Search code examples
pythonexcelpandasopenpyxlxlsx

Is there a way to read Excel file without workbook with openpyxl?


I am using Python 2.7 & openpyxl==2.5.11.

For files with valid workbook I am reading the content with this code:

wb = openpyxl.load_workbook('my_file.xlsx', read_only=True)
ws = wb.worksheets[1]
rows = ws.rows

Now, a tester provided an old file to me, which doesn't have valid workbook part and raises this error:

IOError: File contains no valid workbook part

in this line ws = wb.worksheets[1]

I couldn't find an example how to read data for such files in the openpyxl documentation.

I managed to read the file using pandas: data = pandas.read_excel('my_file.xlxs')

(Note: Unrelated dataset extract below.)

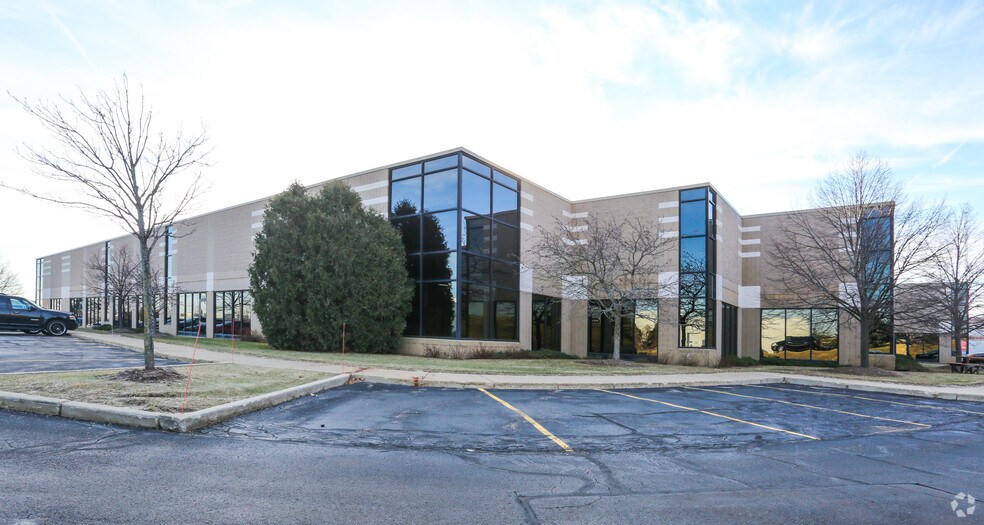 More Photos Of W165 N5731 Ridgewood Dr, Menomonee Falls Warehouse For Lease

Is there a way to read the file with openpyxl, because I already use openpyxl in my app and wouldn't like to migrate completely to pandas, nor use both in different places in my app. Ideally I would like to use single lib for Excel file manipulation across all application services and if possible I would like to avoid transitioning form openpyxl to pandas, because I cannot estimate how big effort that transition would require, nor whether all my use cases would work out of the box with pandas.


Solution

  • Inspired by The Pineapple's answer and Jon Clements's comment, I came up with a solution which reads data into xlrd workbook and then creates openpyxl Workbook as a result of the function. This helps my use case, because I already use the openpyxl Workbook in multiple places in my application. Here is the code:

    import xlrd
    from openpyxl import Workbook
    
    
    def open_excel_without_workbook_part(filename):
        xlrd_workbook = xlrd.open_workbook(filename=filename)
        xlrd_worksheet = xlrd_workbook.sheet_by_index(0)
        nrows = xlrd_worksheet.nrows
        ncols = xlrd_worksheet.ncols
    
        # create a xlsx file using openpyxl
        openpyxl_book = Workbook()
        openpyxl_worksheet = openpyxl_book.active
    
        for row in xrange(0, nrows):
            for col in xrange(0, ncols):
                openpyxl_worksheet.cell(row=row + 1, column=col + 1).value = xlrd_worksheet.cell_value(row, col)
    
        return openpyxl_book
    
    
    if __name__ == '__main__':
        workbook = open_excel_without_workbook_part('file-without-valid-workbook.xlsx')
    
        sheet = workbook.worksheets[0]
        for row in sheet.rows:
            print '\t'.join([cell.value for cell in row])